Work instruction: Starting at the line that contains "Honda Civic 2.0 VTEC Turbo Type R 5dr", quote every line through the end of the entries, word for word, skipping the pictures.

The input:
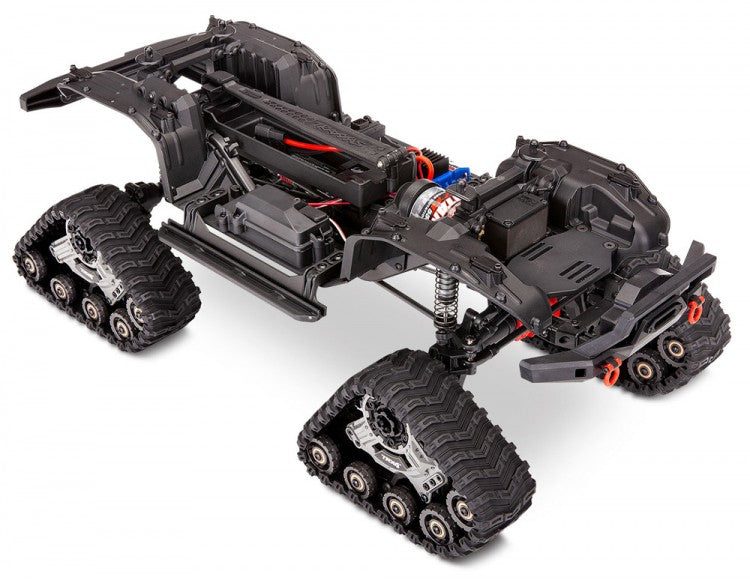 Traxxas TRX-4 TRAXX Crawler RTR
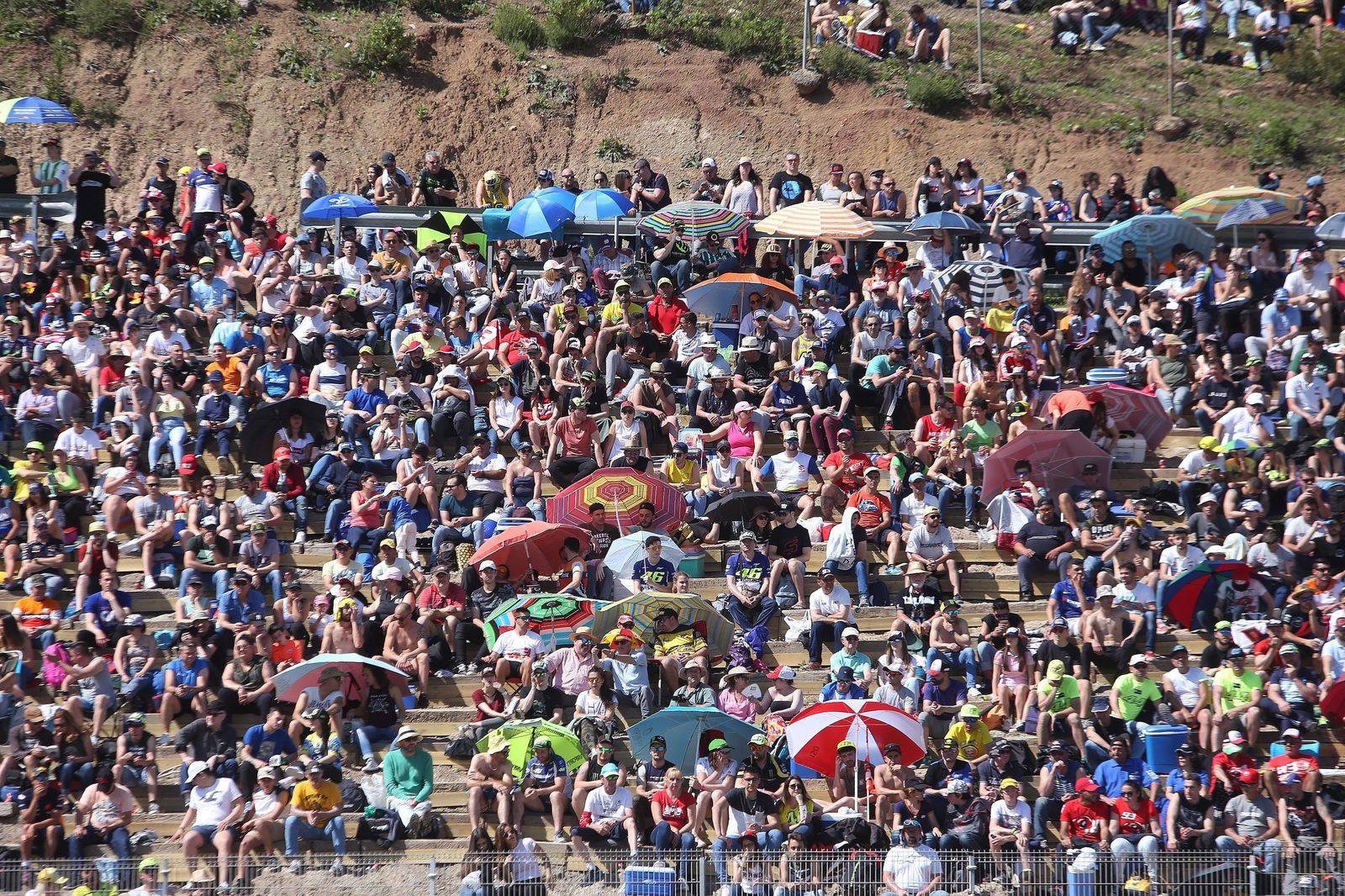 Clasificación de Moto2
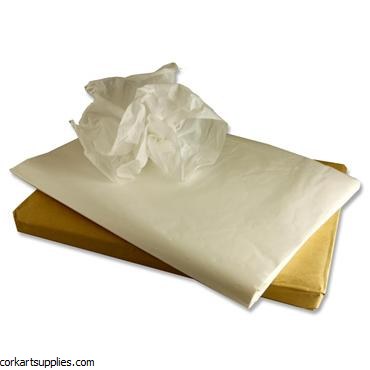 Tissue Paper White 28x18 480pk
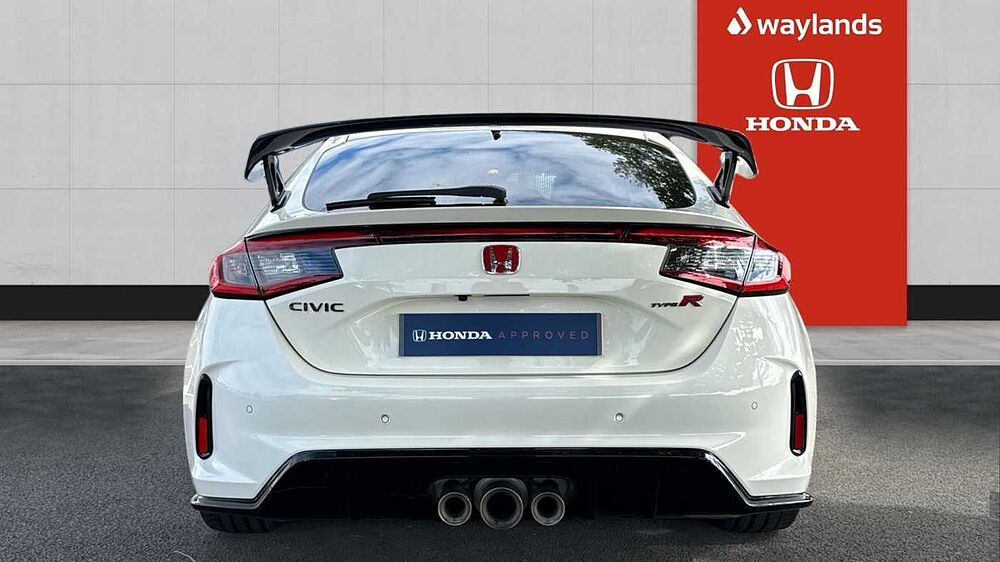 Honda Civic 2.0 VTEC Turbo Type R 5dr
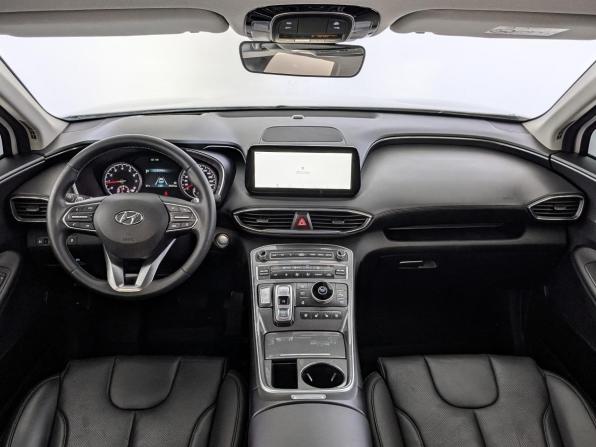 Hyundai Santa Fe IV Рестайлинг с пробегом 2022 года, цена 3 550 000 рублей, 49228 км, внедорожник, Автокод Объявления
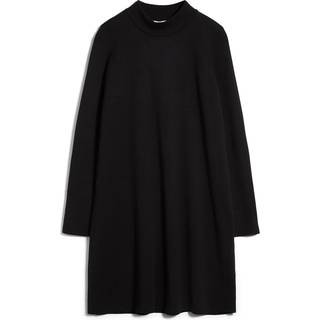 ARMEDANGELS Women's Friadaa Kjole Damer størrelse XS farve sort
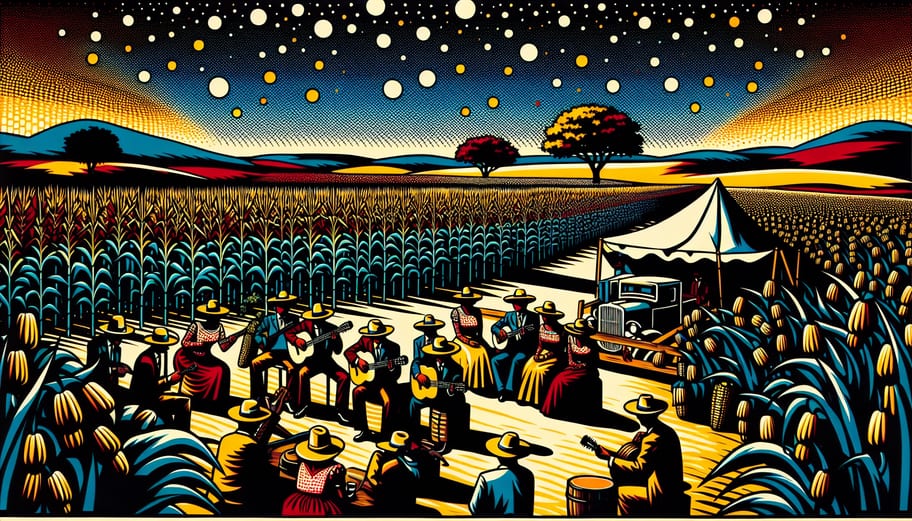 Voces de la Tierra: La Música Tradicional Mexicana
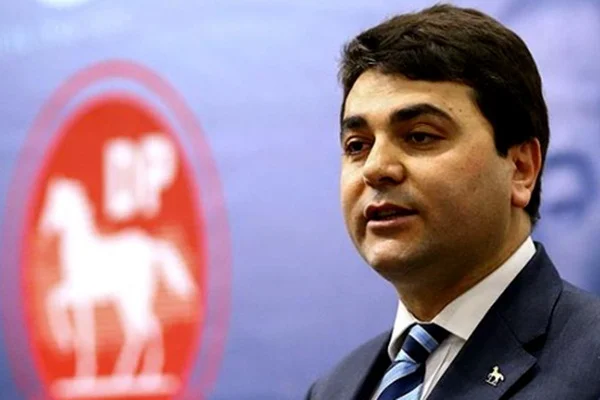 Demokrat Parti'den operasyon açıklaması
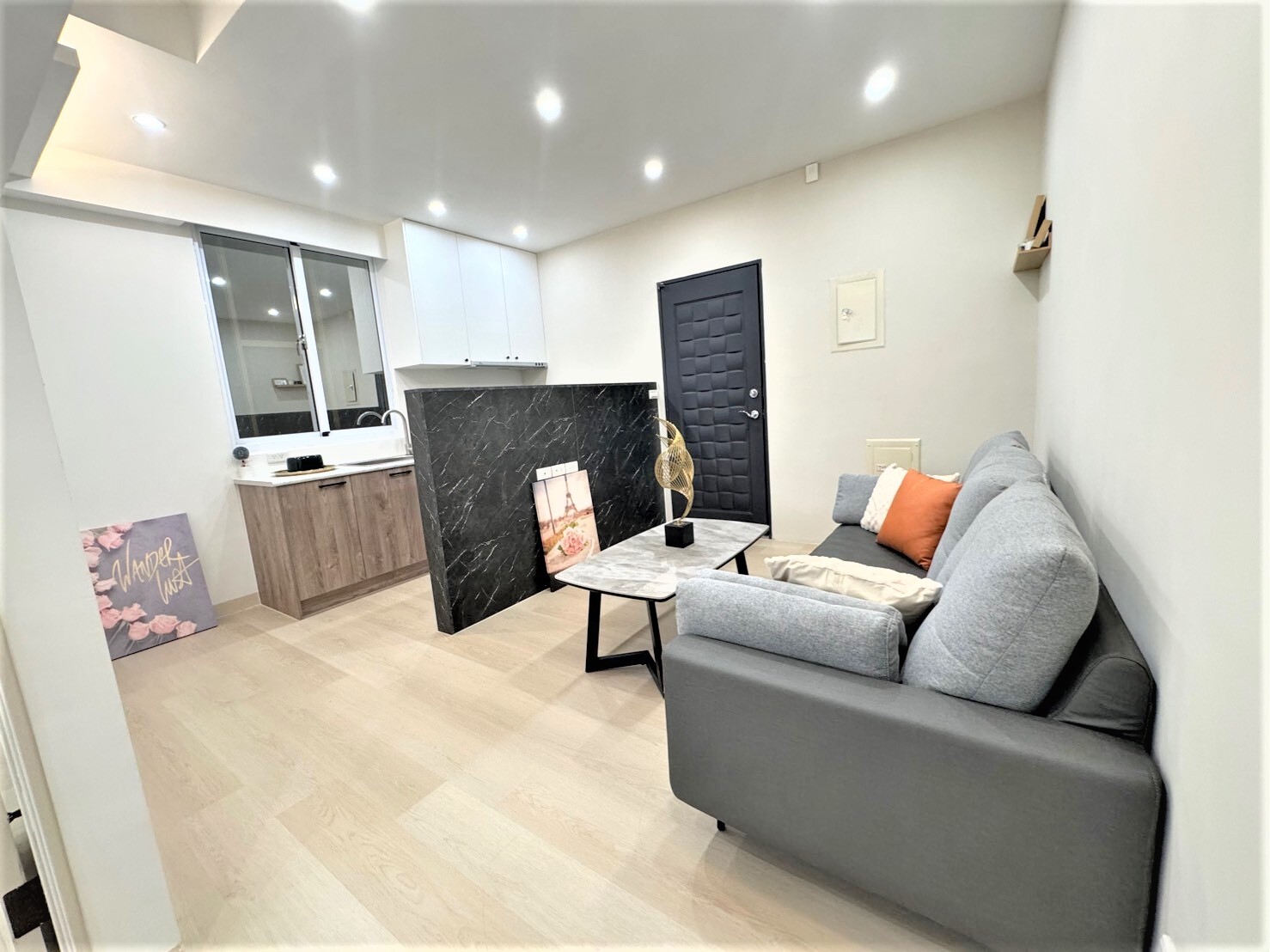 比套房還便宜~免整理2+1房小港4樓公寓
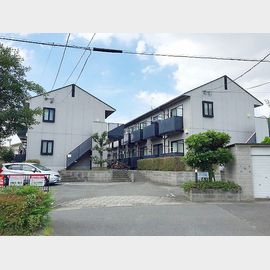 竹下駅より徒歩5分 築28年8ヶ月 2階建の賃貸物件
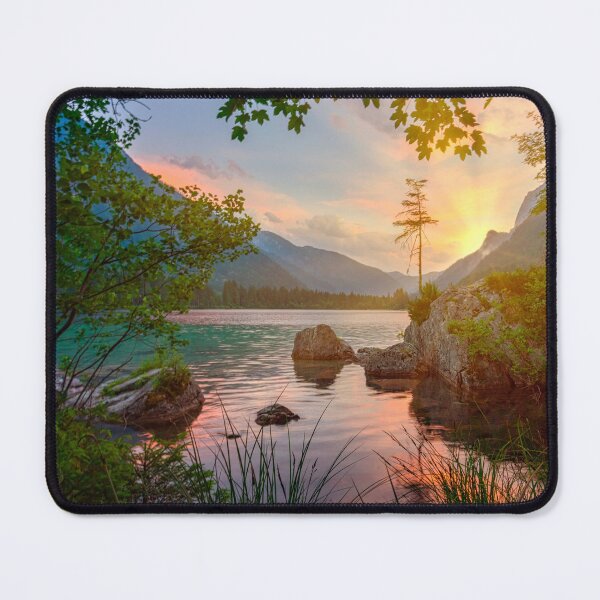 Item preview, Breathtaking Mountain View designed and sold by HeatherAP.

Task response:
 Honda Civic 2.0 VTEC Turbo Type R 5dr
 Hyundai Santa Fe IV Рестайлинг с пробегом 2022 года, цена 3 550 000 рублей, 49228 км, внедорожник, Автокод Объявления
 ARMEDANGELS Women's Friadaa Kjole Damer størrelse XS farve sort
 Voces de la Tierra: La Música Tradicional Mexicana
 Demokrat Parti'den operasyon açıklaması
 比套房還便宜~免整理2+1房小港4樓公寓
 竹下駅より徒歩5分 築28年8ヶ月 2階建の賃貸物件
 Item preview, Breathtaking Mountain View designed and sold by HeatherAP.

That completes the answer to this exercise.